1. The problem statement, all variables and given/known data
Two insulating materials of thermal conductivity K and 2K respectively are to be used as two layers of insulation for lagging a pipe carrying hot fluid. If the radial thickness both the layers is to be same, then -

i) the first material (thermal conductivity K) should be the inner layer, and the second material should be the outer layer

ii) the second material should be the inner layer

iii) the order of the materials is irrelevant

iv) numerical values required to give a specific answer

2. Relevant equations
The heat transfer in this case would be given by the following equation, I suppose:

q=$\frac{2*pi*ΔT}{1/h1r1 +ln(r2/r1)/K1 + ln(r3/r2)/K2 +1/r3h3}$

q= radial heat transfer per unit time per unit length of pipe
ΔT= temperature drop across the pipe thickness i.e. hot fluid temperature inside the pipe - ambient temperature outside the pipe
h1= heat transfer coefficient of the hot fluid
h3=heat transfer coefficient of the ambient air outside the pipe
r1=inside radius of first layer
r2=outside radius of the first layer=inside radius of the second layer=r1+t, t=radial thickness of one layer of insulation
r3=outside radius of the second layer=r2+t=r1+2t
K1=thermal conductivity of the first layer
K2=thermal conductivity of the second layer
3. The attempt at a solution

In the book where I found the question, (i) is the given answer, but I don't understand how that is.

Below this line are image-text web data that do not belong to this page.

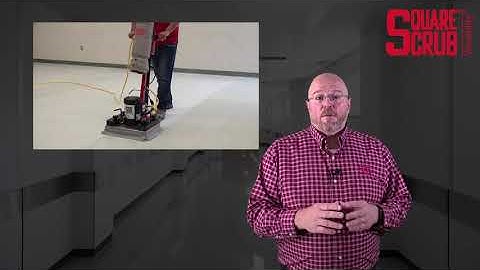 Dry Floor Prep With Square Scrub Pivot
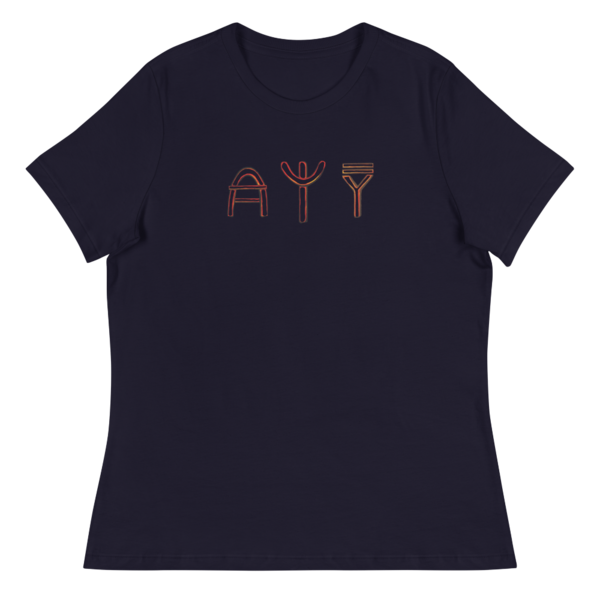 Το όνομά σου σε αρχαία ελληνική γραφή. Γυναικείο κοντομάνικο T-shirt 100% βαμβακερό σε διάφορα μεγέθη και χρώματα. - ζωγραφισμένα στο χέρι, personalised - 3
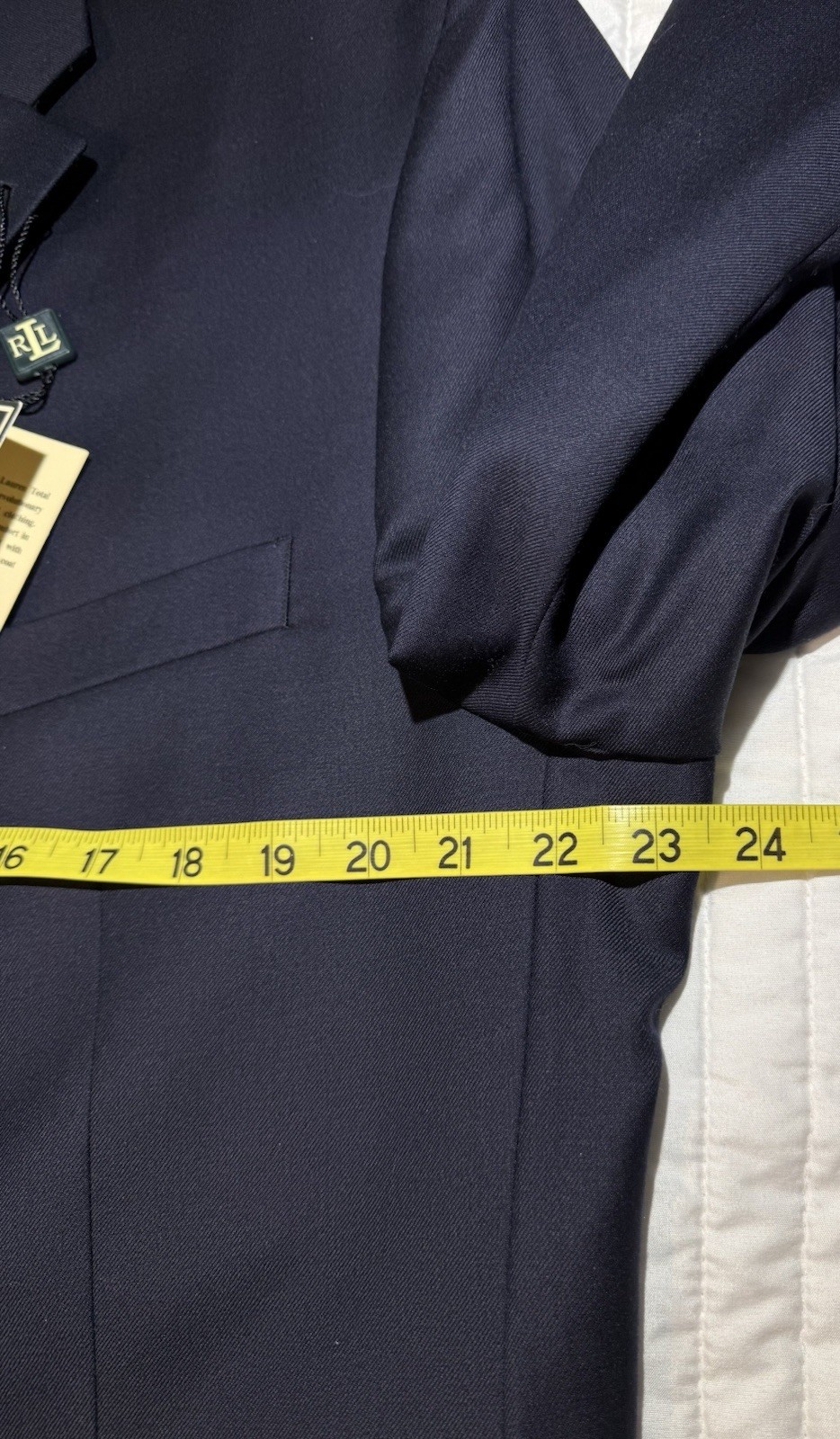 New Lauren Ralph Lauren Mens 44R Blue Wool Gold Button Blazer Sportscoat NWT thumbnail 14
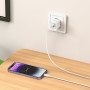 Сетевое зарядное устройство с кабелем USB-C/Lightning Hoco C147A USB-C PD 20W + USB-A QC3.0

Looking at the equation, I guess ln(r2/r1)/K1+ln(r3/r2)/K2 should be maximum, but I don't know how to reach the conclusion that K1=K and K2=2K is the optimum option.

2. Apr 20, 2013

### Staff: Mentor

Just use r2=r1+t, r3=r2+t

Then you can write those logarithms as ln(1+t/r1) and ln(1+t/r2), where r2>r1. Which one is larger? How can you maximize the sum with this knowledge?

3. Apr 21, 2013

### Staff: Mentor

So the logarithms are ln(1 + x) and ln(1+x/(1+x)), where x = t/r1. Now, expand each log term in a taylor series in x, and retain terms only up to x2.

4. Apr 21, 2013

### Staff: Mentor

It is sufficient to know that ln() is monotonically increasing.